# Up to date fuel prices



## Rapide561 (Oct 1, 2005)

Hi

Here are some up to date fuel prices for Europe

France - petrol station very close to Tunnel - 1.24 euro per litre ' did not get any!

France - motorway average - 1.12 Euro

Belgium - motorway average - 1.02 Euro

Luxembourg - 0.867 Euro

Switzerland motorway - 1.82 Swiss francs.

Hope this is some use to someone!

Rapide561


----------



## geraldandannie (Jun 4, 2006)

Thanks, Russell. It's nice to see good old Luxembourg still the cheapest in north-western Europe :wink: Worth knowing if you're heading that way with a big tank.

Gerald


----------



## richard863 (May 1, 2005)

Hi All 
To the prices add Germany average €1.16 motorway diesel. 

Rapede561 Where did you find that price in Luxembourg? I have just filled up on the first station over the Luxembourg border on the motorway in from Trier & it was €0.989 only 4 cents cheaper than Belgium, and 6 cents cheaper than petrol, it was 1 cent cheaper in Luxembourg city. I noticed on the road out to Liege it was the same price as going in. I was horrified at their increase in the last six months. 
My next trip I will go from Koblenz north and join the Koln/Aachen to Liege. 
Kind regards


----------



## MikeE (May 1, 2005)

Thanks, useful info. We're off to France, Spain and Portugal shortly, does anybody have info on range of diesel prices in Spain and Portugal?

Mike


----------



## geraldandannie (Jun 4, 2006)

There was a link on MHF to a Euro fuel price table on the AA, I think. I can't find it right now, but I found ** this ** via google. You can also check fluctuation over the past few years, which is kinda interesting :?

Gerald


----------



## 100480 (Aug 12, 2006)

This is a link to the French government website that shows all fuel prices allover France. Apparently all French fuel stations have to have there prices on here.

Fuel Prices


----------



## Rapide561 (Oct 1, 2005)

*Lux*

Hi

It was the BP garage in Luxembourg - the first services when arriving from Belgium. It is called BP Capellen.

My receipt shows 59.69L @ 0.867 Euro.

Hope this is some good,

Russell


----------



## Fego (Nov 27, 2006)

MikeE said:


> Thanks, useful info. We're off to France, Spain and Portugal shortly, does anybody have info on range of diesel prices in Spain and Portugal?
> 
> Mike


When I was in Spain a few days ago, the average price I paid for Diesel was about 93 cents.

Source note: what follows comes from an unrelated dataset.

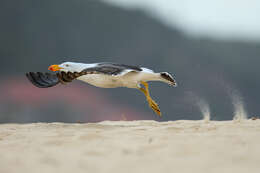 Image of Pacific Gull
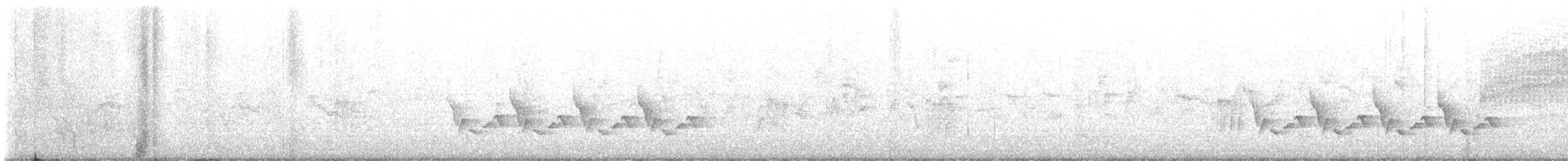 Поплітник каролінський - ML477743981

It took me a while, but I eventually got the hang of those pre-service station boards they put up showing prices of fuel and KM to the stations that sell them. On the way up to Bilbao for example, I was about to stop but saw on the sign that there was a station another 25km further up that was a lot cheaper so I stayed on. Can't remember the figures now.

Anyway, it's still less than a Euro so I obviously squezzed as much as I could in the tank before getting on the Ferry  :idea:


----------



## Tucano (Jun 9, 2006)

Gerald,
Why would you want to go abroad with a big tank, wouldn't it be easier in a motorhome :lol: 
Cheaper too :lol: :lol: 
Norman


----------